You know why they call it “Black Friday” don’t you? It’s allegedly when businesses finally develop enough sales for the year to be considered profitable. That seems rather silly, though…to wait all year for all that hard work to finally pay off. For most businesses, we recommend at least a monthly focus. Naturally, the end of the year is a time of reflection and assessment for most businesses. Where did the year go? What happened in it? Here are some simple ways to start reviewing your business’ year.
Where’d the money go?
Forget loyalties. Where are you spending your marketing money and how much good is it doing you? While giving to the local soccer team might feel good and your rep for the weekly newspaper in your hometown might be a nice guy, is it doing you some quantifiable good? Businesses are constantly bombarded by aggressive sales people from new and traditional vendors who want nothing more than to separate you from your money. Here at the end of the year, you might surprise yourself and your accountant with a complete assessment of where the money went. Gather every possible receipt and bill payment you can that even remotely resembles marketing and you’ll see what I mean. Only when you know where the money went can you move on to the next step.
Where should it go?
How well did that display marketing campaign perform? Since digital is the most traceable form of marketing on the planet, you should have far more information than a simple impressions report and click through rates. Once you get your list of where the money went, do an honest review of whether or not it should go there again. Only sentimentality stops many businesses from making changes that could be the difference between growth and wild, excessive growth. Find an unbiased resource to help you review the new opportunities you might have avoided because you feared entering a new arena of opportunity.
What is your brand?
The problem with most businesses who look in the mirror is that they see themselves. You know what you want your brand to be and then there’s what it really is. Talk to your customers, your employees, your friends…engage them in honest conversation about what your business means to them. Only then will the vision of your brand become more clear. A local plumber might think his brand is an affordable service…but a customer might think otherwise. By finding out what you truly mean to people you’ll begin to have better direction for your marketing overall. Instead of having to compete on price alone, you may find out your brand is worth more to people and you can focus more on building more relationships.
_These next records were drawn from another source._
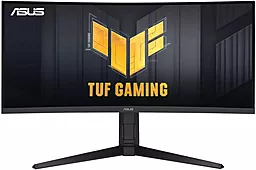 Монітор ASUS TUF Gaming VG34VQEL1A (90LM06F0-B01E70)
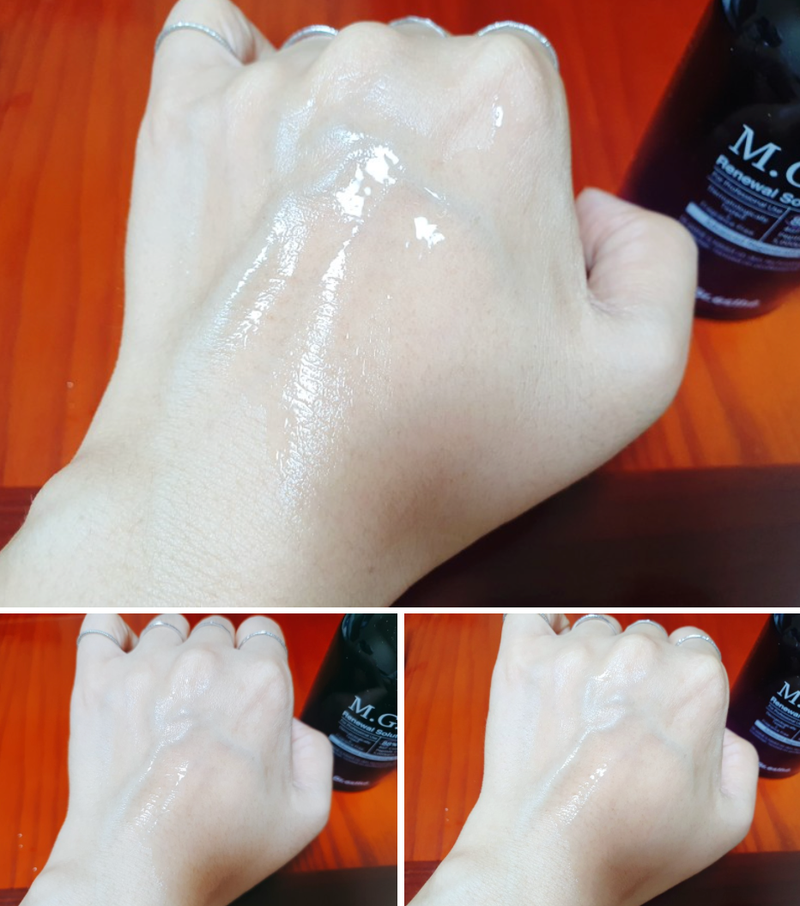 MGF Renewal Ampoule 150ml Retail $170 - SPECIAL OFFER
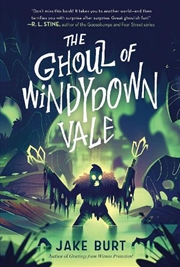 Buy Ghoul Of Windydown Vale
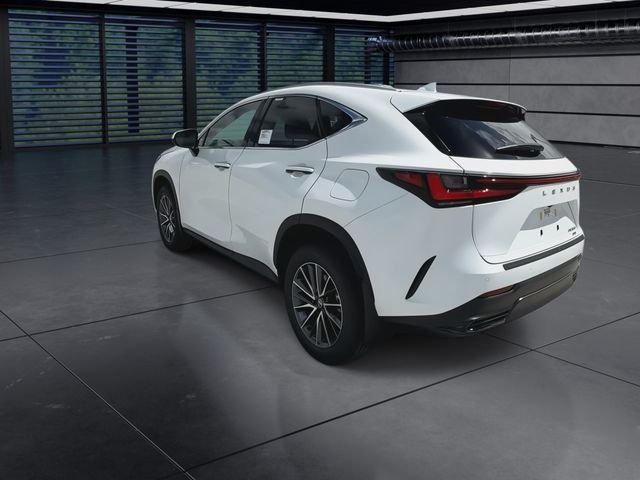 New 2026 Ultra White Lexus  350 AWD image 6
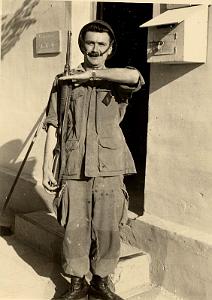9 EME HUSSARDS  A CRAMPEL -------- (6)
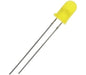 Yellow LED – 5mm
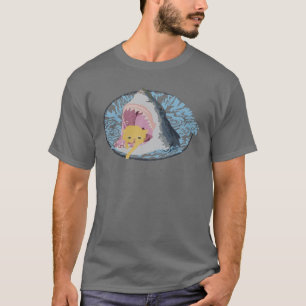 I'm A Sad Kitty T-Shirt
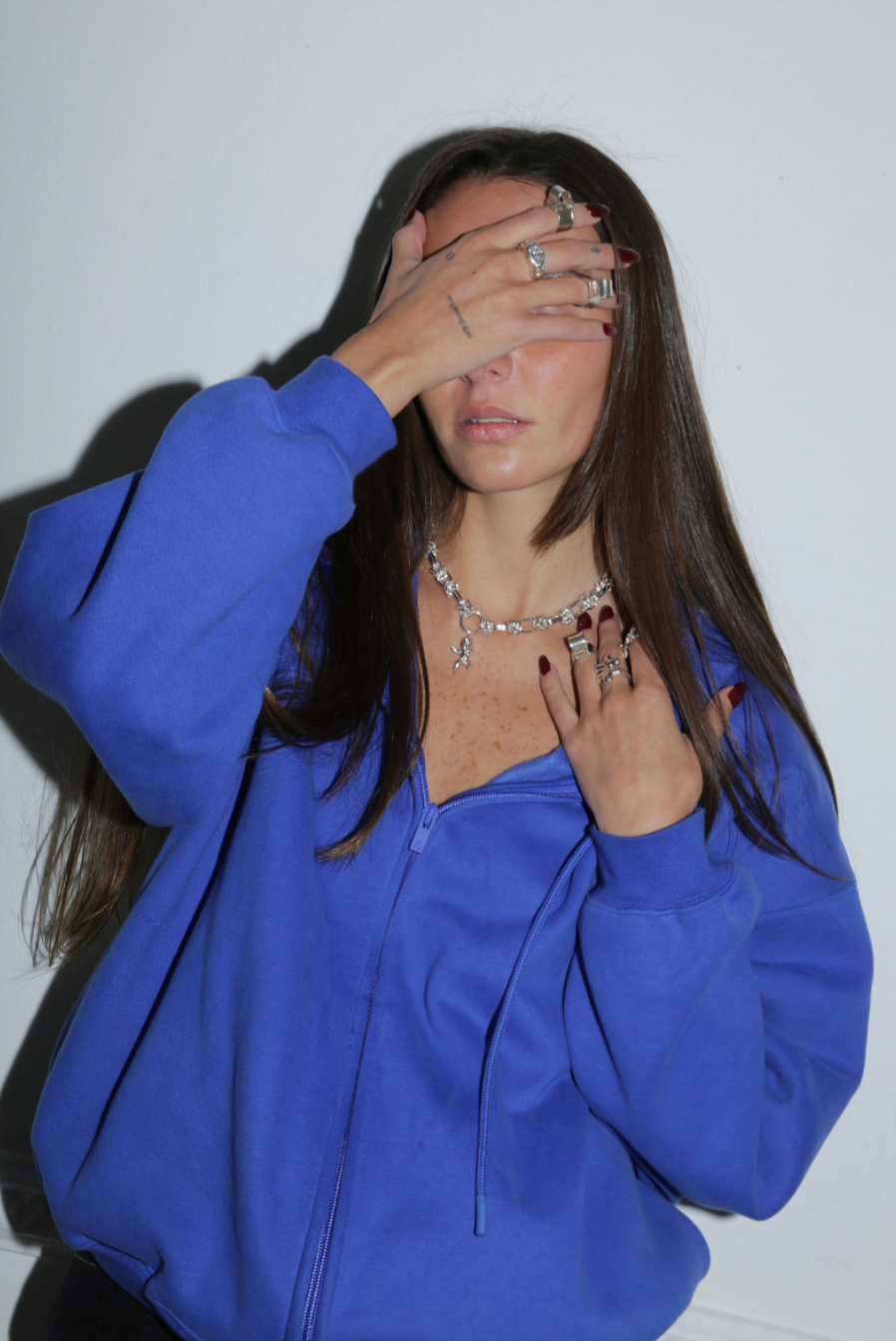 BABY NECKLACE  ネックレス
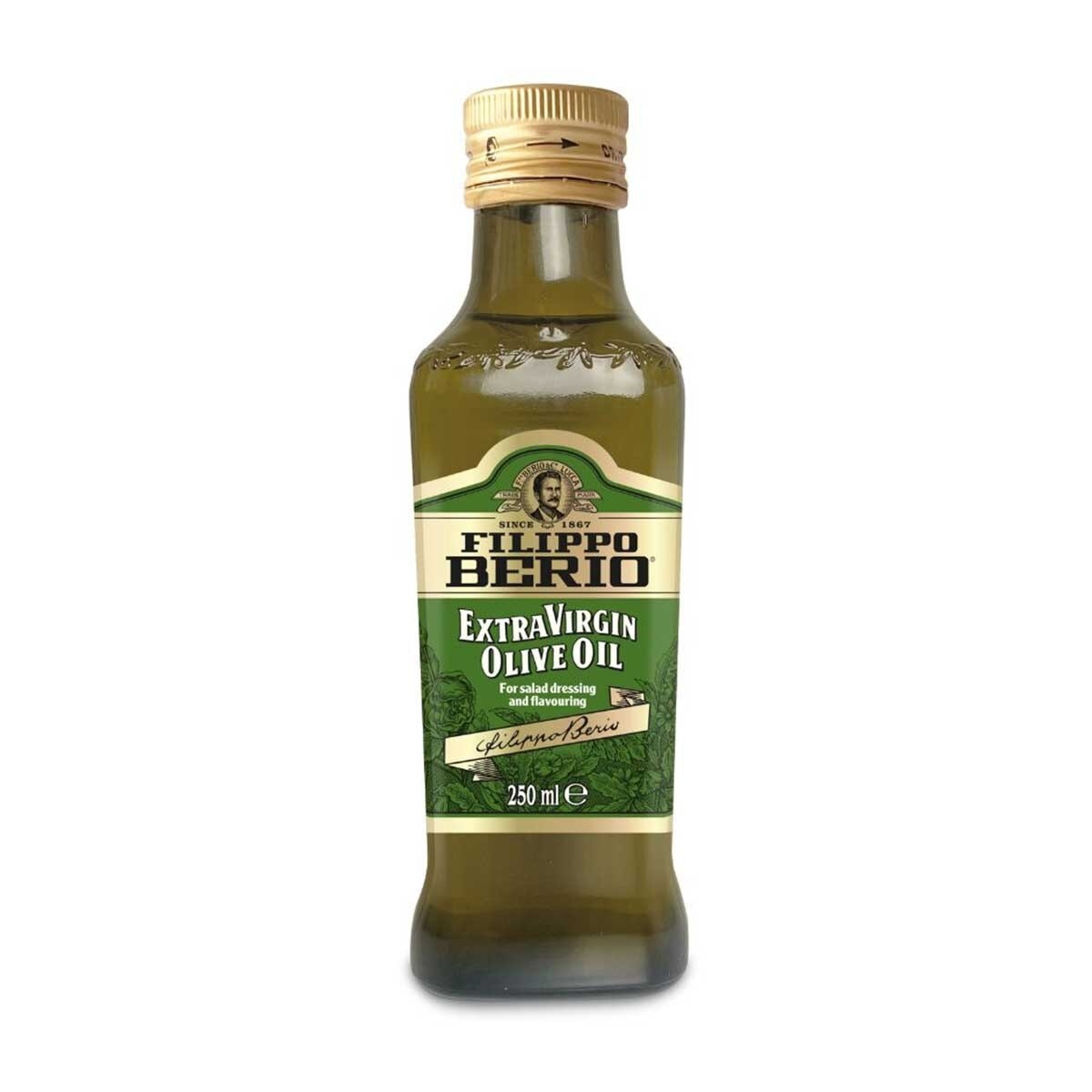 FILIPPO BERIO Extra  Virgin  Olive Oil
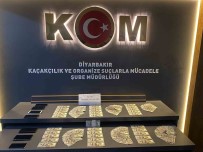 FETÖ'nün Güneydogu Anadolu Güncel Yapilanmasina Operasyon Açiklamasi 6 Gözalti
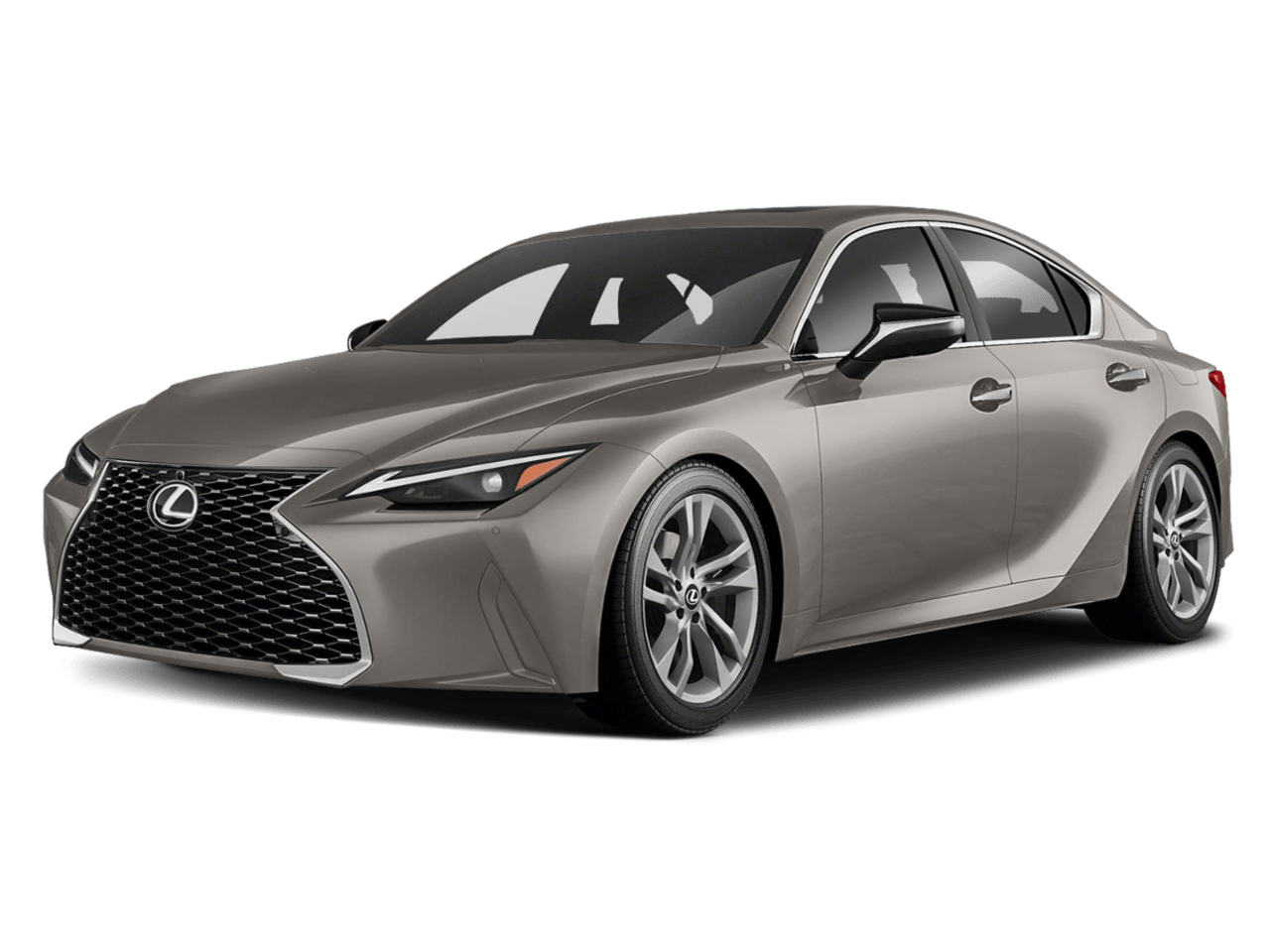 2018 Lexus IS300 Fsport iCar Auto leasing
Plan your work and work your plan.
Once you have a plan, follow it. Seems simple, but the constant changes in the market often convince businesses to abandon their plans. We’re not saying don’t be flexible…you can adapt, but without the basis of a plan you’ll find yourself flailing about like a fish out of water. Most business startups are required to have a good business plan. Sadly, once underway, that business plan is rarely looked at again. Resolve to sit with an unbiased third party to work out a good plan with a good goal and a reasonable success strategy.